• **THE TASK**
Word for word, transcribe every line from the one holding "Image 4 : Tibet Turquoise and Coral Necklace" through the end of the records, but not the pictures.

Short web captions
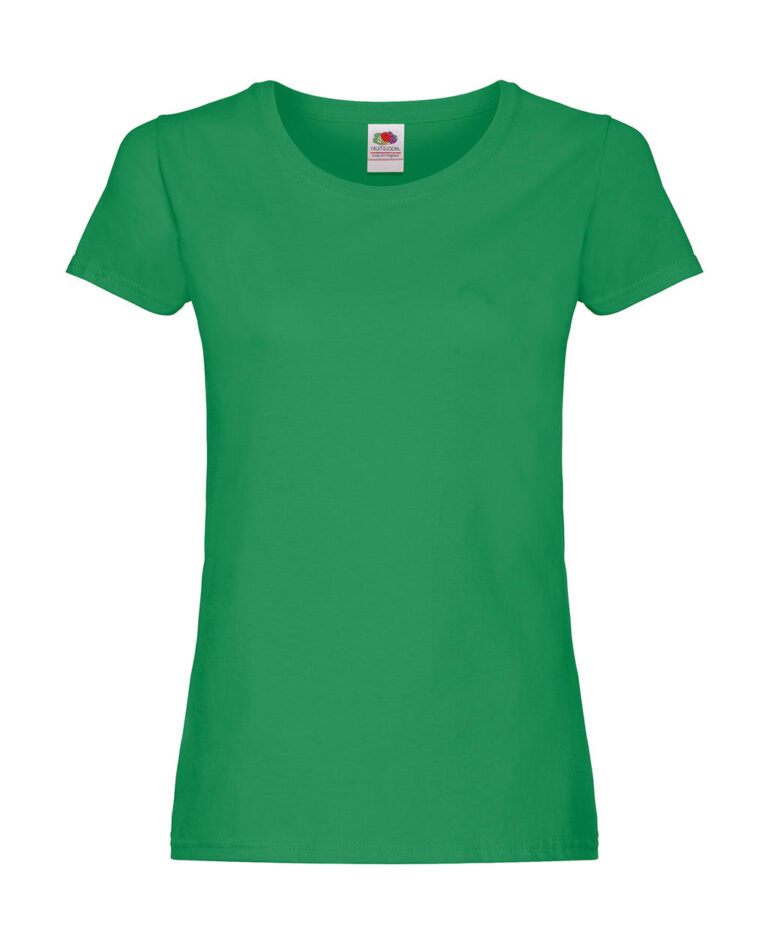 γυναικείο κοντομάνικο μπλουζάκι σε χρώμα ανοιχτό πράσινο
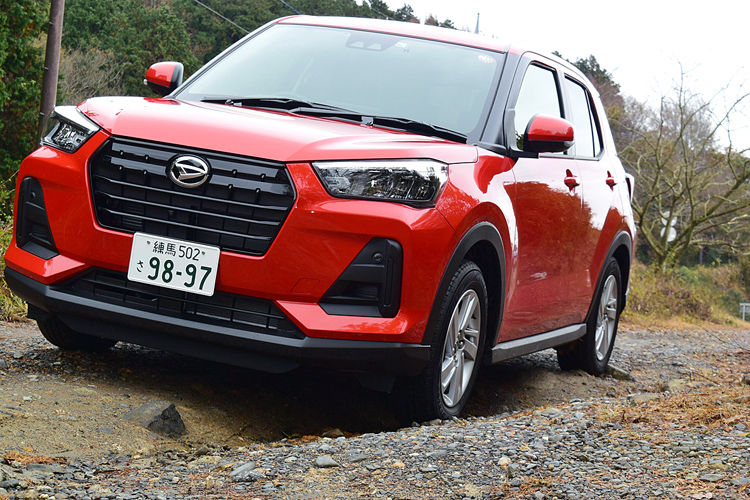 ダイハツの5ナンバーSUV「ロッキー」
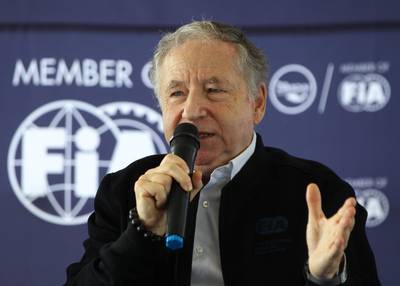 FIA-baas Todt: Mensen die nu kritiek leveren, hebben kort geheugen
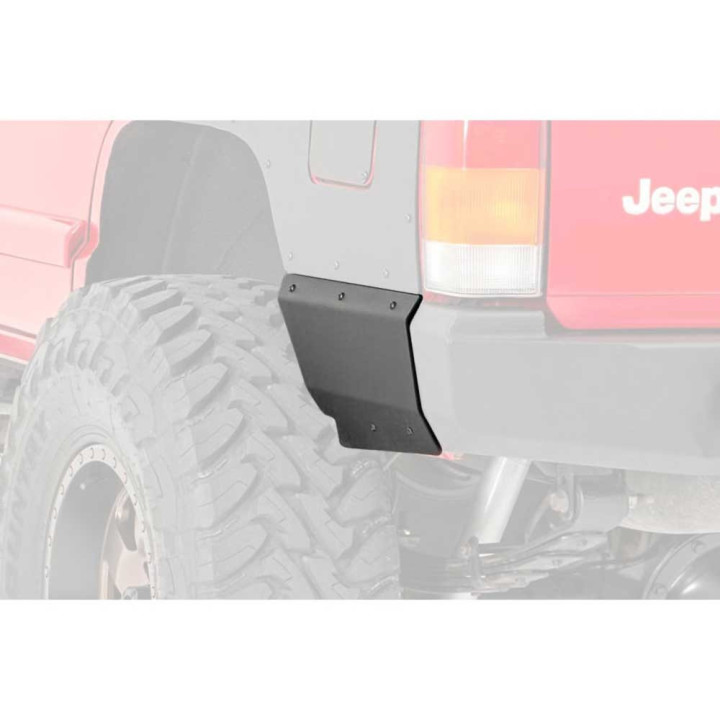 Rear Quarter Panel Armors, Rough Country 97-01, Jeep Cherokee 1984 - 2001 - EDK.ro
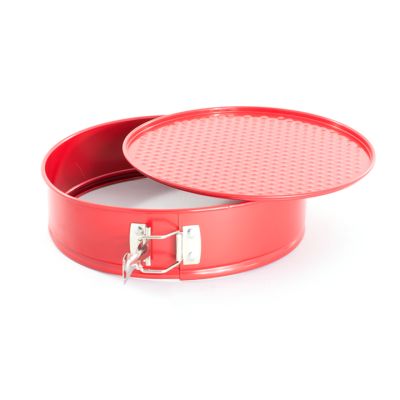 Molde Desmontable Redondo 24cm Rojo UMCO 9414 – Cocina Práctica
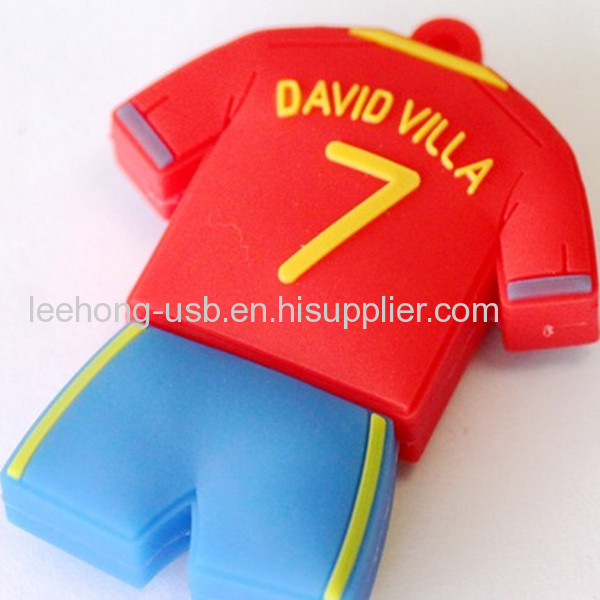 football cloth usb drive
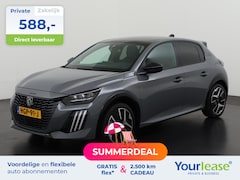 Peugeot 208 - Hybrid 100 e-DCS6 GT Automaat | All-in 588, - Private Lease | Zondag Open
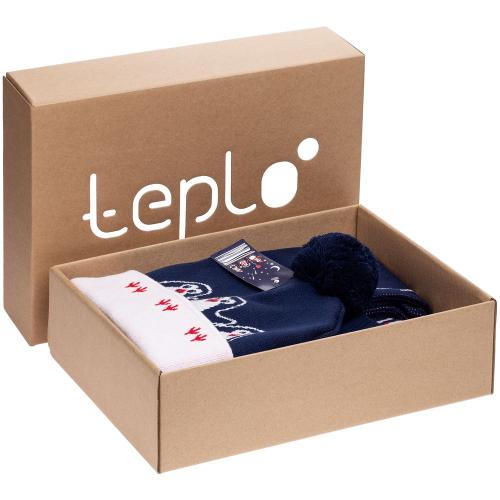 Коробка Teplo, большая; - купить подарки с логотипом в Воронеже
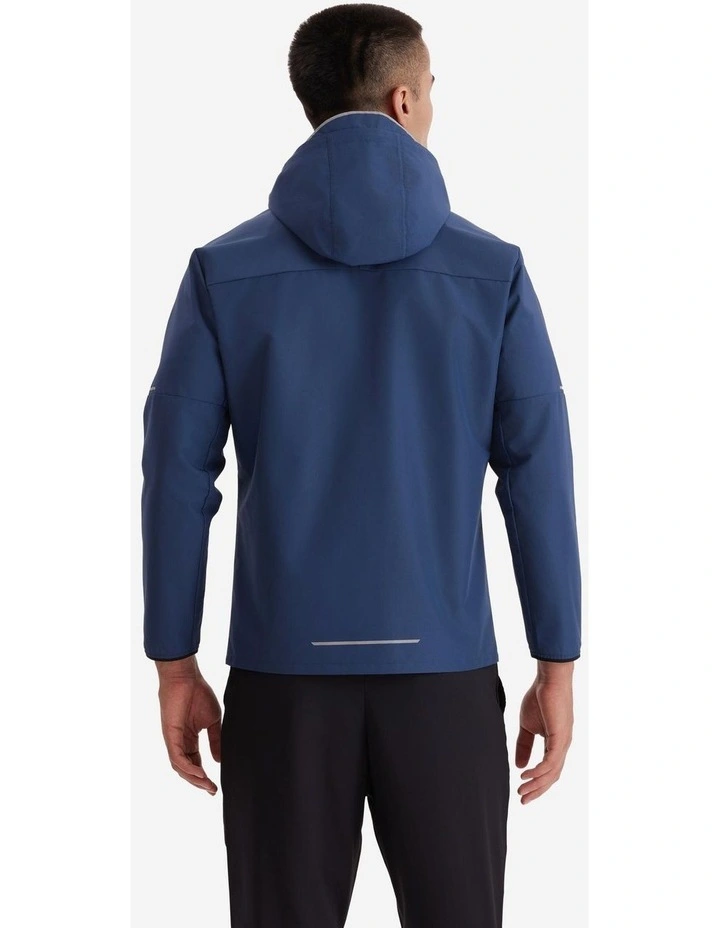 Decathlon | Men's Run 100 Waterproof Jacket - Blue image 2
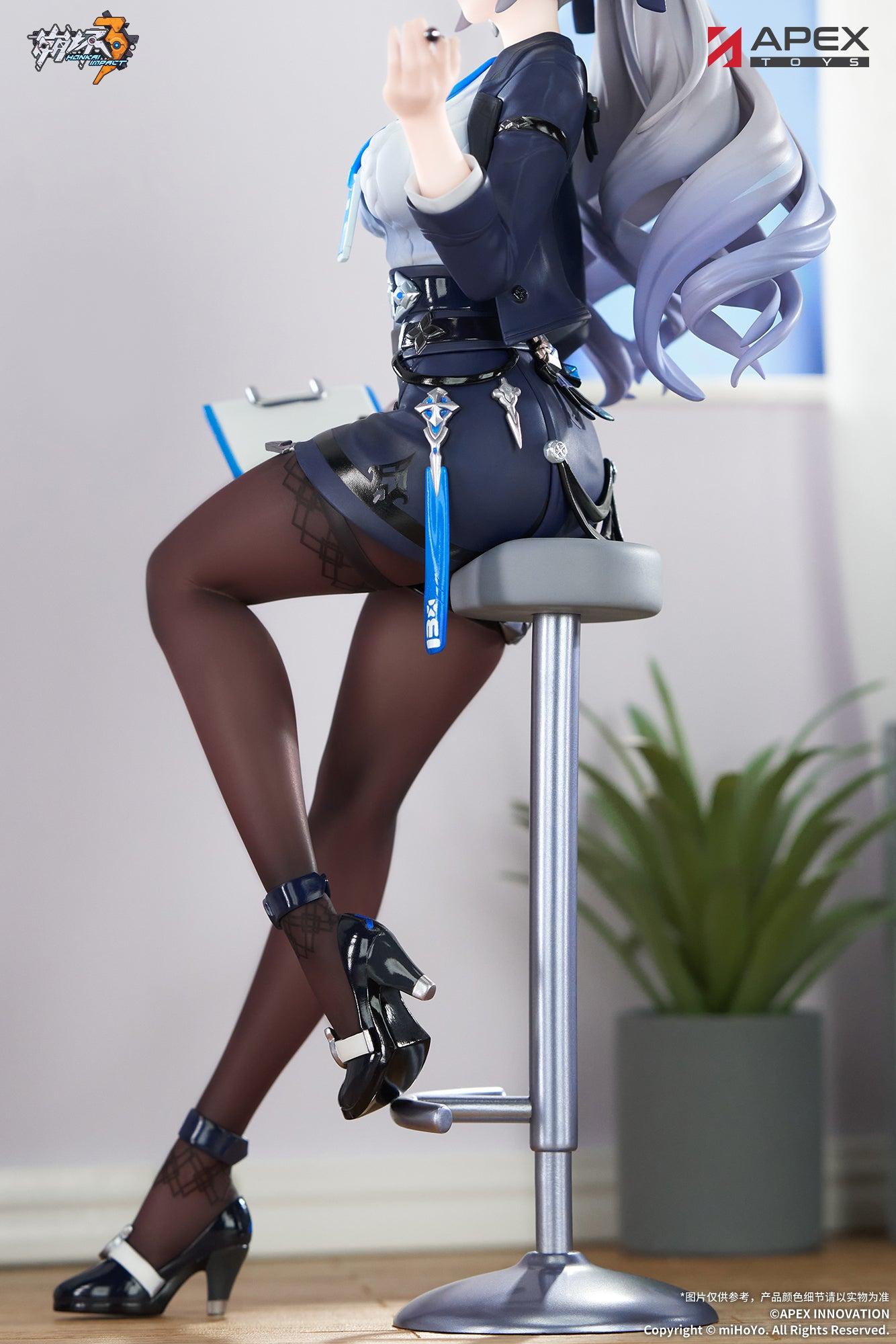 LIMEPIE Series Honkai Impact 3rd Bronya Zaychik: Outstanding Attitude Ver. 1/8 Scale Figure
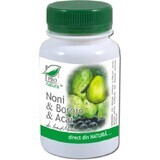 Noni, Borojo and Acai, 60 capsules, Pro Natura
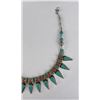 Image 4 : Tibet Turquoise and Coral Necklace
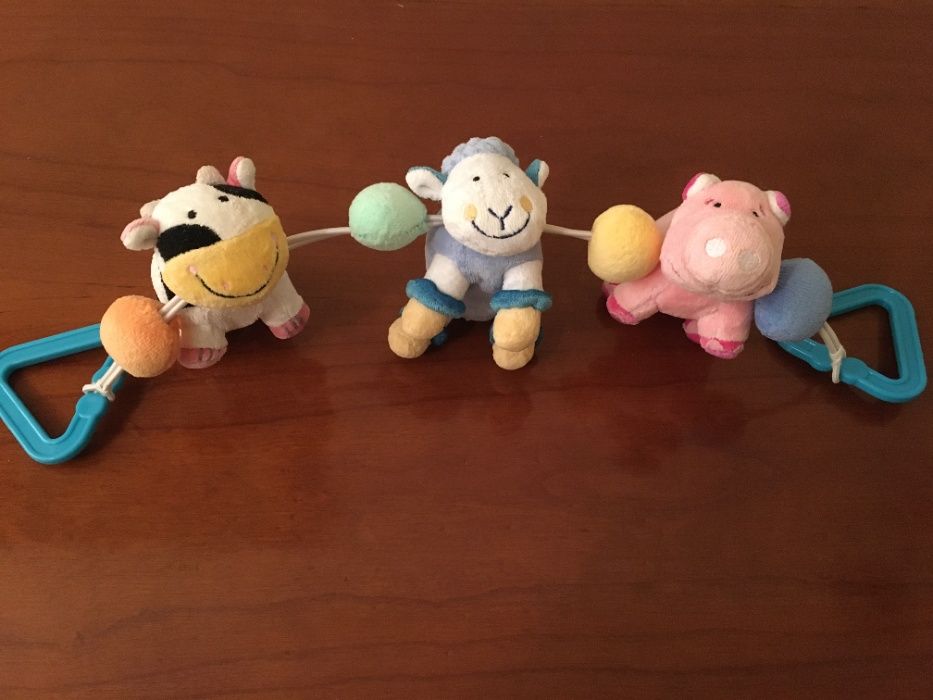 Bonecos para cadeirinha, espreguiçadeira ou carrinho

• **SOLUTION BELOW**
 Image 4 : Tibet Turquoise and Coral Necklace
 Bonecos para cadeirinha, espreguiçadeira ou carrinho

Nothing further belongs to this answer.